Currently, the pathophysiology underlying MTrPs and their role in MPS remain unknown.However, many advances have been made in uncovering the objective findings (biochemical, imaging, etc.) and clinical abnormalities associated with MTrPs and the syndrome.

Unique Neurobiology of Muscle Pain

Muscle pain has a unique neurobiology with distinctive characteristics that are critical in explaining the clinical presentation of myofascial pain. Muscle pain can often be described as aching, cramping, deep, and difficult to localize. It is distinguished from cutaneous pain in that muscle pain involves nociceptive-specific neurons in the brainstem and spinal cord [1, 2] and activates unique cortical areas that are associated with affective or emotional components of pain[3]. Although muscle nociception is inhibited more intensely than cutaneous nociception by descending pain-modulating pathways [4, 5], persistent muscle nociception is more effective at inducing maladaptive neuroplastic changes within the dorsal horn[6]. Such neuroplastic changes support the clinical observation that muscle pain is often difficult to resolve.

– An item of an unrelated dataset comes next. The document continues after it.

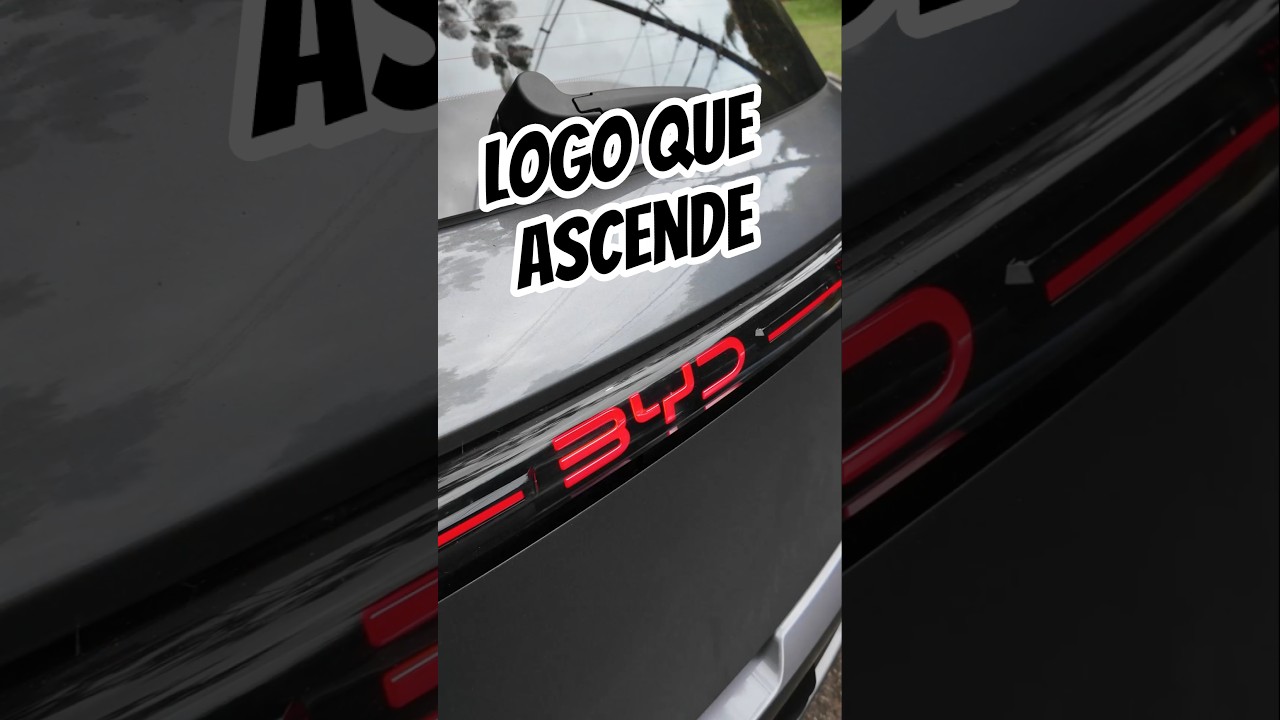 Gosta de logo que ascende?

Characteristics, Evaluation, and Diagnostic Criteria

An MTrP has been defined as a “hyperirritable spot, usually within a taut band of skeletal muscle or in the muscle’s fascia, that is painful on compression and that can give rise to characteristic referred pain, tenderness, and autonomic phenomena[7].” Accordingly, active MTrPs have a significantly lower pain pressure threshold than latent MTrPs and normal, uninvolved muscle tissue[8]. Diagnosis depends exclusively upon history and physical examination, including specialized manual palpation techniques (7).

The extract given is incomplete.